Diante da folha em branco, o poeta risca o silêncio com o som das teclas, sente o mar completo, umedece o papel, faz orações à musa Iemanjá. Igual a um timoneiro, o poeta trabalha: atravessa o mar de palavras como uma fragata (barco/pássaro), dançando, ondulando, pescando aruanãs — e sempre anunciando que essa natureza limpa precisa da poesia. A poesia não pode ser poluída. A poesia deve deter a devastação. Ele continua o trabalho expandindo os seres, iluminando sentimentos, buscando na memória, assistindo no mergulho, encontrando as águas e surfando na espuma da marola. Trabalha toda a inventividade em busca da sua poesia. Ele é se torna a própria correnteza; correnteza que forma pequenas ondulações de emoção. O trabalho de Jandeilsom é marcado por essa sensação ambivalente: ponto de chegada, ponto de partida.
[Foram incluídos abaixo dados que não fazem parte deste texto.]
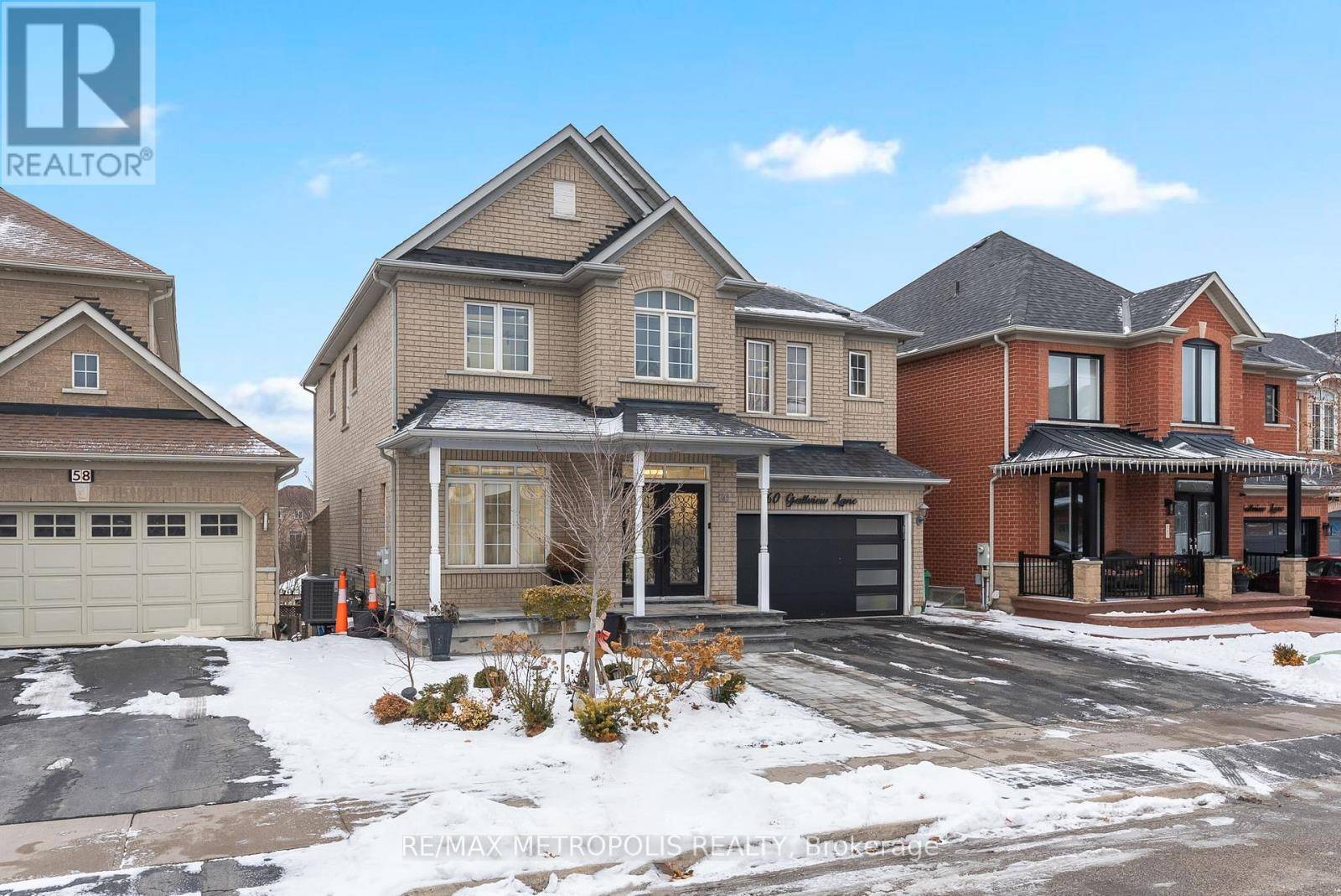 Brampton (bram East), ON L6P1R8,60 GALLVIEW LANE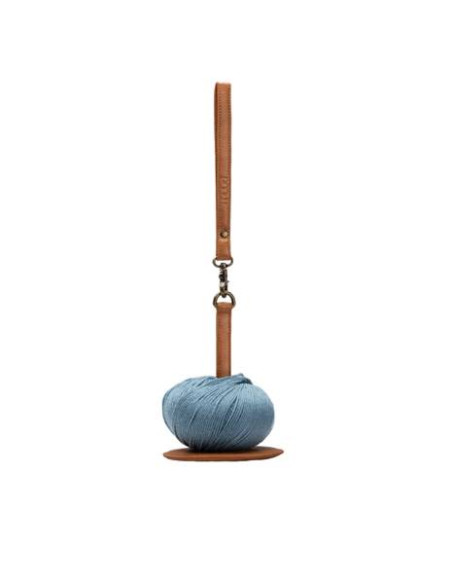 Bracelet porte pelote de laine Muud Gyrit - Whisky
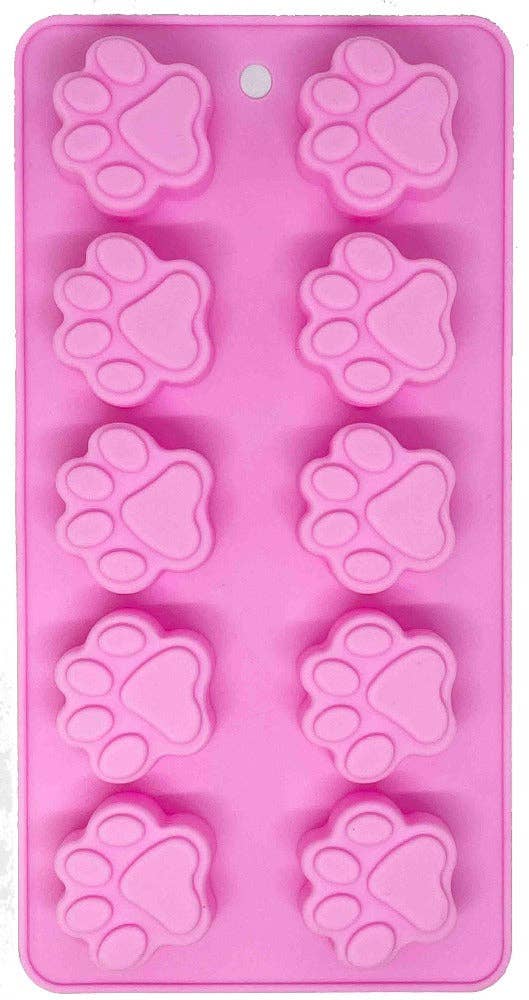 Dogtastic Jelly Shots Silicone Mold - Paw Shape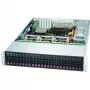 Caixa de servidor Supermicro SuperChassis 216BE1C4-R1K23LPB Rack Preto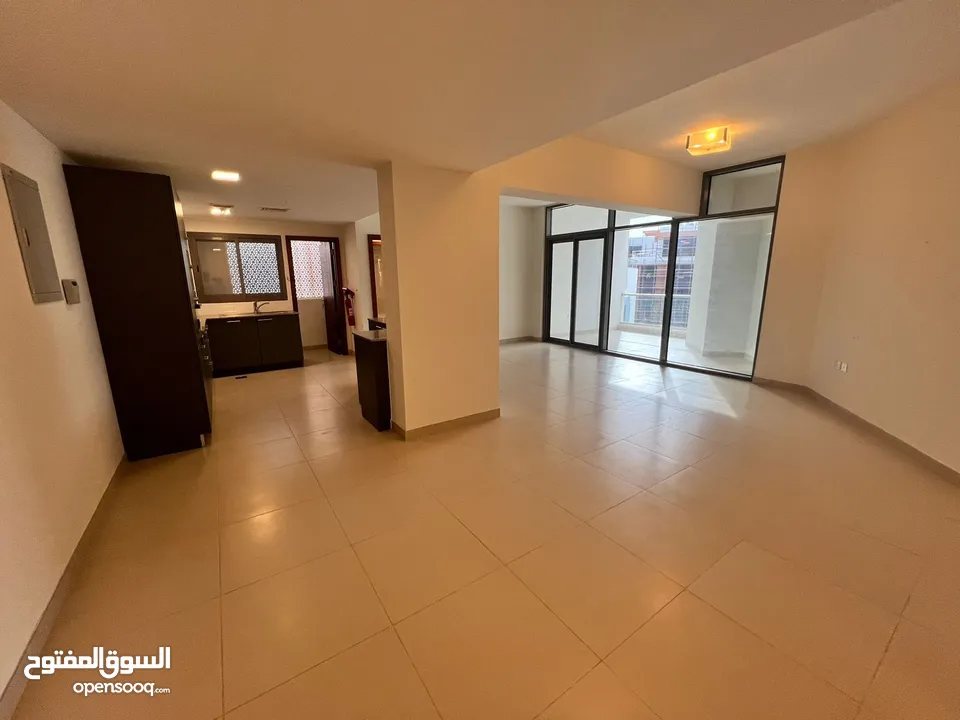 For sale in Muscat hills 1BHK apartment for freehold with pool view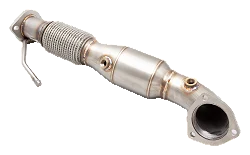 Downpipe z katalizatorem XForce 200CPSI KIA CERATO 2019- GT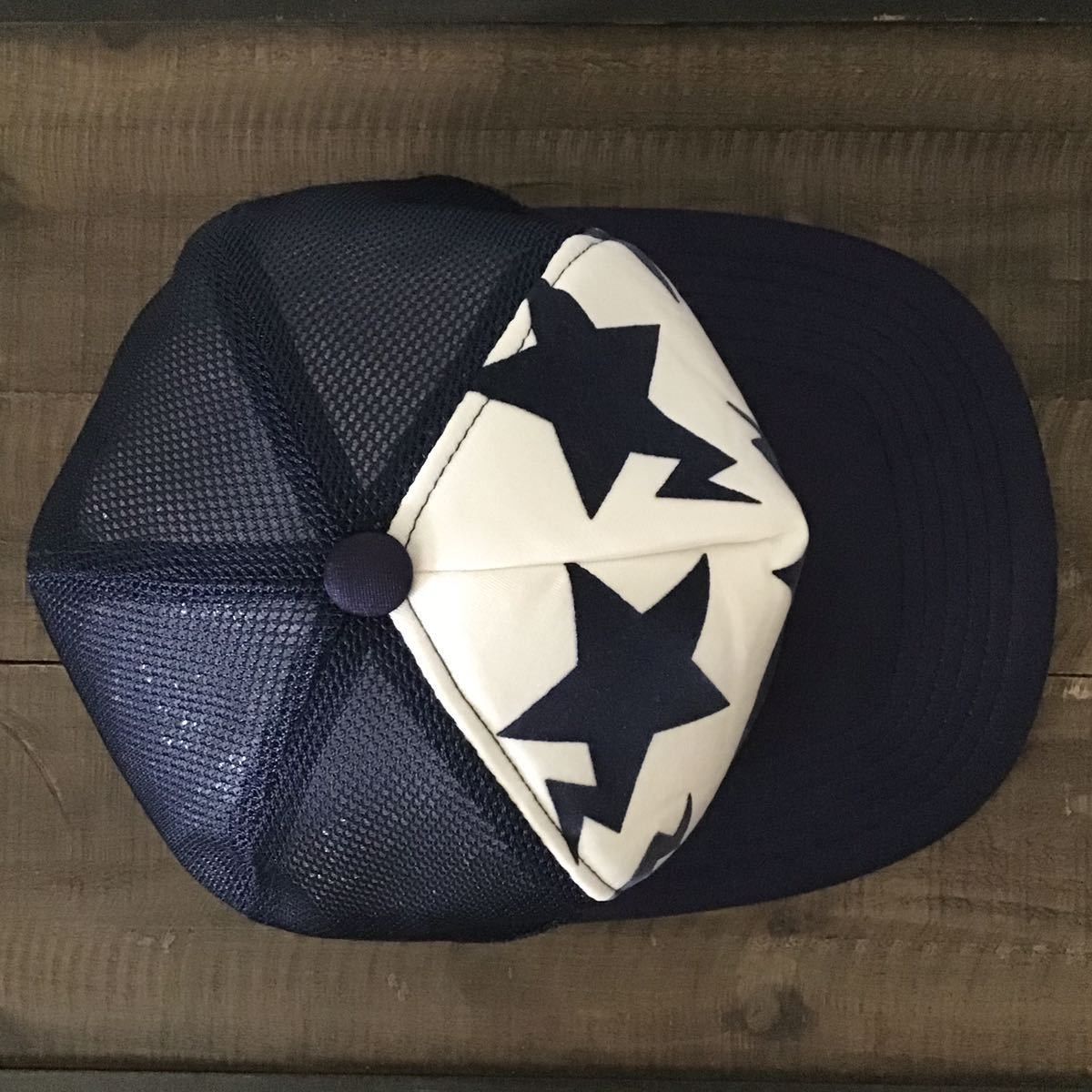 Bape BAPE STA logo trucker hat cap a bathing ape STAR Size ONE SIZE - 5 Thumbnail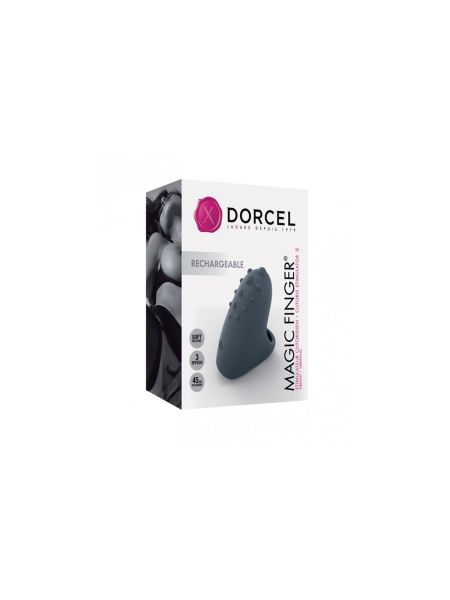 Wibrator masażer na palec Dorcel Magic Finger - 2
Sempre a observar a paisagem, sempre desejoso, sempre com a vela pronta para velejar. E nunca recolhe os pensamentos pois navega no mesmo sopro da correnteza que conduz sendo ela a bússola do instante. Ambos, mar e palavras, se escrevem com o sal da vida e o brilho do desejo. Porque quem vive da poesia nunca recolhe os pensamentos, mas deixa-os livres, como gaivotas que desenham o céu com saudade de mar.


JANDEILSOM

JANDEILSOM, paraibano 40 anos, vive na Favela da Rocinha, Rio de Janeiro, desde os anos 90. Escritor e poeta. Autor de Zezinho da Rocinha (2022), Nevoeiro dos Tempos: Contos Obscuros (2021) e Solidão além do que vejo (2012). Participou da Motirõ – Escola de Criação Literária (2023), do CLIPE Casa das Rosas (2024) e da Formação de Escritores Machado Quebradeiro na ABL (Academia Brasileira de Letras) 2024. Criador do canal Na Margem de Poesia Falada, se inspira na riqueza cultural das periferias e favelas.